Found these on another forum...


----------



## Front Yard Fright (Dec 23, 2005)

Very cool!!!
Thanks for posting!
.


----------



## Spooky1 (Aug 25, 2008)

Oh my God, I thought that was a real baby in the incubator. lol

The sad thing is, artists like these are losing jobs to digital animators (who do amazing work too). I guess it's just the evolution of movie making, but I always loved the models and animatronics done for the movies.


----------



## Wildcat (Nov 3, 2007)

Very cool.
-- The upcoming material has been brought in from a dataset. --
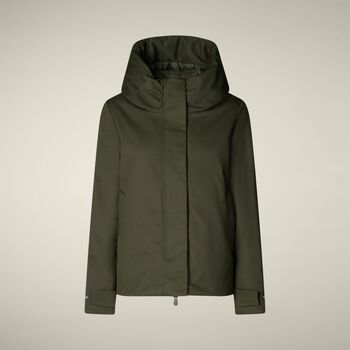 Save The Duck Windjack  D32432W WULY21-50071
Thanks


----------



## Spookineer (Aug 20, 2006)

Thanks for sharing Bro, very inspirational.


----------



## beelce (Jul 21, 2007)

Damn........


----------



## RoxyBlue (Oct 6, 2008)

Holy crap!


I want one of those lizards for a pet


----------



## Sickie Ickie (Jun 20, 2006)

What I eventually spire to. I bow to his greatness!


----------



## Draik41895 (Oct 25, 2008)

that were wolf head was awesome!!!!


----------



## dubbax3 (Jan 22, 2008)

The guy with the beard in the wolf vid is one of my old instructors, Doug Henderson. Really great and talented guy.


----------



## undead41 (Nov 14, 2006)

Is there a special name for that white, plastic lookin' stuff those guys use to mount servos and stuff?


----------



## randyaz (May 26, 2006)

Most likely they make and cast their parts in plastic.


----------



## Revenant (Mar 17, 2007)

oh...

my...

GAWD...


----------



## mickkell (Jan 16, 2009)

what a bunch of talented people,how awesome would that job be.


----------



## fritz42_male (May 5, 2009)

Sure the first prop is from Dr Who!


----------



## The Archivist (May 31, 2009)

Loved the bird/bat animatronic in the first video. Very impressive.


----------



## kprimm (Mar 14, 2009)

Absolutely incredible. I kneel before his greatness. Very very inspirational.


----------